Ils étaient nombreux à s’être présentés dans les arrondissements de Cotonou dès les premières heures de la matinée pour s’acquitter de leur « Droit Taxi ». Mais au lieu d’une formalité rapide, plusieurs conducteurs de taxis-motos ont dû patienter pendant de longues heures. En cause: un problème de connexion qui empêchait l’enregistrement et la validation des paiements.
En effet, pour ces « Zémidjans », la conséquence est loin d’être anodine. Immobilisés une bonne partie de la journée, certains ont perdu une journée entière de travail, donc une partie de leurs revenus. Une situation particulièrement préoccupante à quelques jours de la rentrée scolaire. Cet épisode remet surtout sur la table la question de la fiabilité des services numériques dans certaines administrations.
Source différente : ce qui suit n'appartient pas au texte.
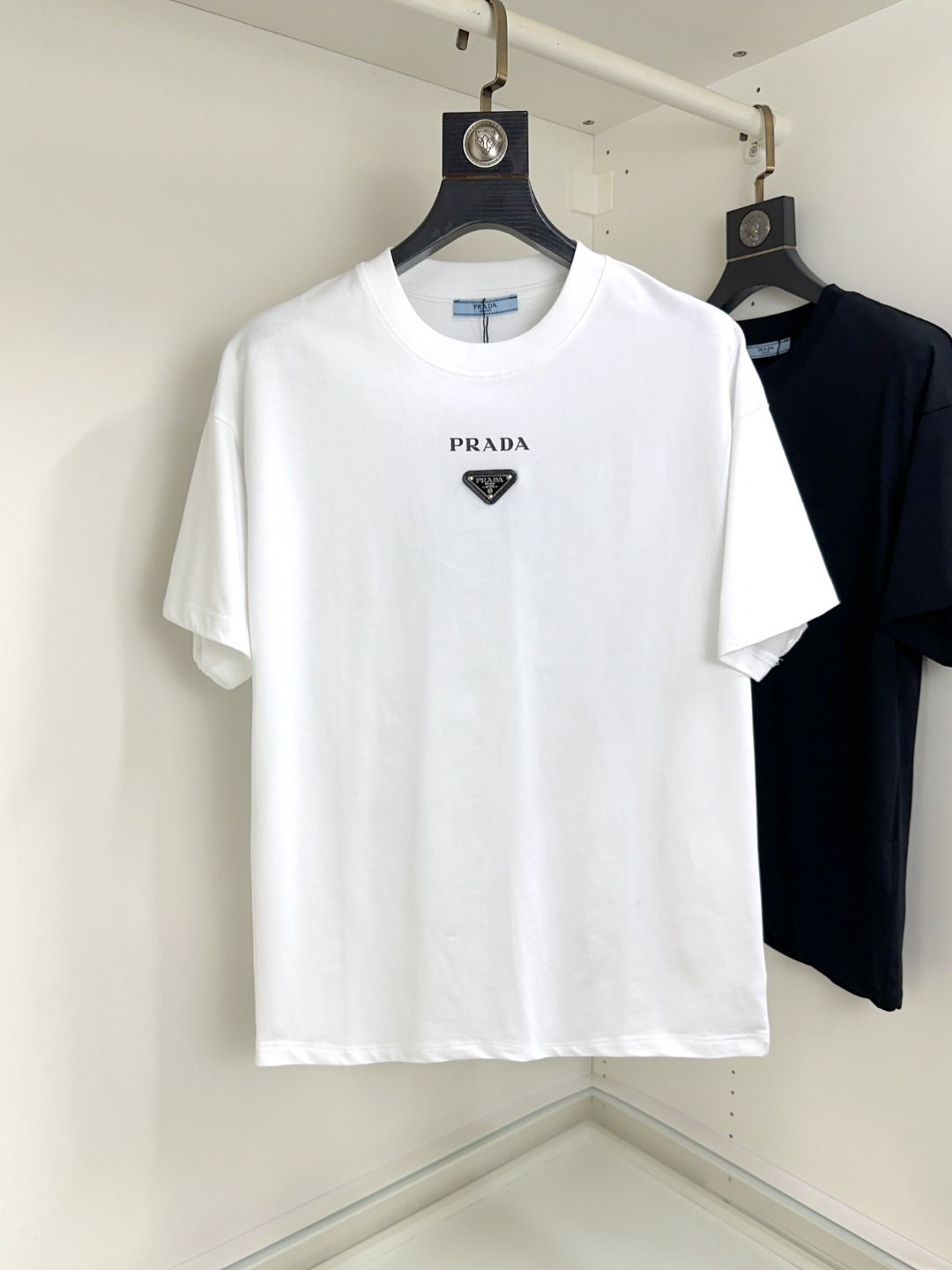 NO:160688,Prada New round neck short sleeves in spring and summer. The overall color is bright and bright, with smooth and soft feel, with a strong drape, natural and soft texture, super comfortable in the body, and a strong drape!  T-shirts are very comfortable and practical in daily wear, super toughness is better than ordinary cotton, the texture is delicate, soft and skin-friendly, the touch is light and cool, the color is bright and the color is fast, the breathability and drape are good.. Number of codes XS-L,, prada, prada, T-shirt, tees, t-shirt, alexander wang19860909Prada 普拉达 春夏新款圆领短袖 整体上色泽较鲜明和光亮,手感顺滑揉软,悬垂感特强,质地自然柔软、贴身超级舒服,悬垂感特强！ T恤日常穿搭很自在很实用,超级的有韧性比起一般的棉手感质感都更好的,面料质地细腻、柔软、亲肤,触感轻薄凉爽,色泽艳丽色牢度高,透气性及悬垂性好..码数XS-L,,prada,prada,T-shirt,tees，t-shirt,alexander wang,Men's clothing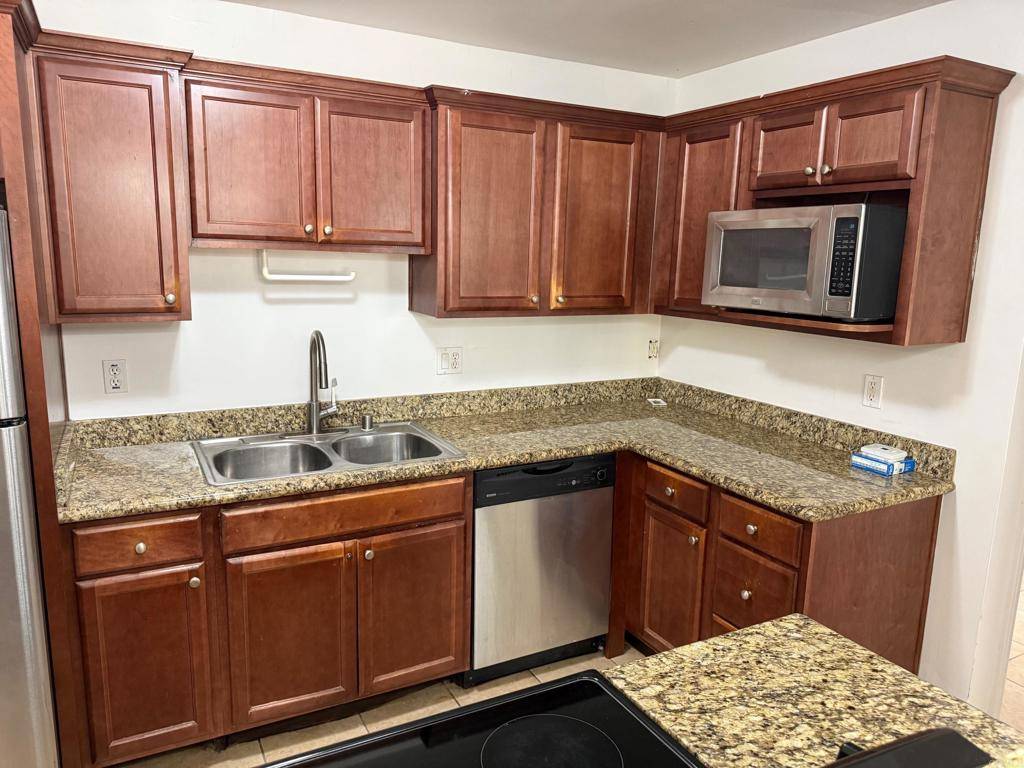 El Cajon, CA 92020,550 Graves #20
Alors que la digitalisation est présentée comme un outil de modernisation de l’administration béninoise, les interruptions de connexion peuvent paradoxalement transformer une simple démarche administrative en véritable parcours d’attente.
Le problème n’est évidemment pas la digitalisation en elle-même. Au contraire, elle doit permettre de réduire les déplacements, les files d’attente et le temps consacré aux formalités. Encore faut-il que les infrastructures techniques suivent et que des solutions de secours soient prévues lorsque les systèmes rencontrent des difficultés.
Les responsables interpellés
Les autorités municipales et les responsables des services concernés sont donc appelés à prendre leurs responsabilités. Lorsqu’un dysfonctionnement prive des dizaines de citoyens d’une journée de travail, il ne peut être considéré comme un simple incident technique sans conséquence. Une réflexion mérite également d’être engagée sur la digitalisation complète du paiement du « Droit Taxi », avec des moyens de paiement accessibles à distance et la possibilité pour l’usager de recevoir immédiatement une preuve de paiement.
Le développement du numérique dans les services publics doit avoir un objectif clair : faire gagner du temps aux citoyens, et non leur en faire perdre davantage. La modernisation de l’administration ne saurait être pleinement efficace si une simple panne de connexion suffit à bloquer toute une journée l’activité des usagers.